Geçen gün sözde komik bir karikatür dergisinde yayınlanan iğrenç bir karikatürde, camide namaz kılan cemaat tasvir edilirken cami duvarlarındaki güzel hatlarla yazılmış ayetler yerine “Allah yok, din yalan” yazısını gördüğümde aklıma Danimarkalıların Peygamberimize (a.s.m) yaptığı karikatürlü hakaret ve Bediüzzaman Hazretlerinin “ Cennet ucuz değil, cehennem lüzumsuz değil” sözü ile ümmetin başarısı için üç tane 1’in farklı birlikteliklerini baz alarak oluşturduğu formül geldi.

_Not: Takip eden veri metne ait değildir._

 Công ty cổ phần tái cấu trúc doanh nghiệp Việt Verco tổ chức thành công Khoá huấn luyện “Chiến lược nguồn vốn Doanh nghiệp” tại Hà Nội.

Vücuduna bile hükm edemeyen, kalbine bile “dur” dediğinde kalbinin dinlemediği, kendisine karşılıksız nice nimetler verilen bir insanın bu kadar ihsan karşısında Allah’a şükrünü arz etmek yerine onu yok sayması ve çizgileriyle başkalarının da kafasını bulandırması şüphesiz ki Cehennem’i hak ettirir. Bunca inanan insanın gözünün içine baka baka onların inançlarına hakaret eden biri için “Zalimler için yaşasın Cehennem” demekten başka bir şey gelmiyor elden.

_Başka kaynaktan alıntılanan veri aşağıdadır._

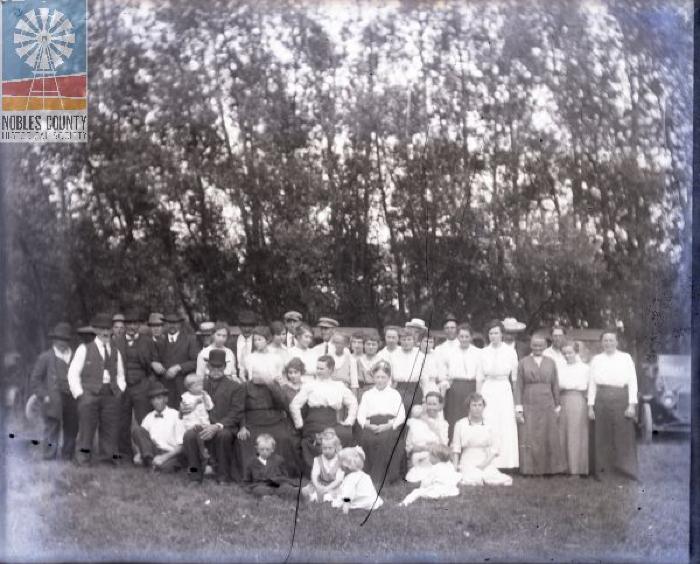 1905 Gathering of Family and Friends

Bu insanların bizim toplumumuzdan çıkması, ümmet olarak neden zayıf düştüğümüzün de cevabını veriyor. Gerçekten de üç tane 1 alt alta gelirse 3 kıymeti var. Ama üç tane 1 yan yana gelirse 111 kişilik kıymeti olabiliyor. 3 kişinin inançla, ihlâsla yaptığı bir şeyi bazen 111 kişinin yapamadığına hepimiz şahit olmuşuzdur ya da duymuşuzdur. Yeter ki insanlar ihlasla hareket etsinler.
Aslında bu formülden başarısızlığın formülü de çıkıyor; üç tane 1’den birisi 0 olursa (1,0,1), yani birisi samimiyetsiz kalırsa hem kendisine zarar verir hem de diğerlerinin gücünü de üçte bir oranında azaltır. İki samimiyetsizle bir ihlaslı (1,0,0) bir araya geldiğinde bütün yük ihlaslı olanın sırtına biner. Toplumun tamamı inancında gevşekse (0,0,0) o zaman o toplum başka toplumlarca istilaya edilmeye ve sömürülmeye mahkumdur.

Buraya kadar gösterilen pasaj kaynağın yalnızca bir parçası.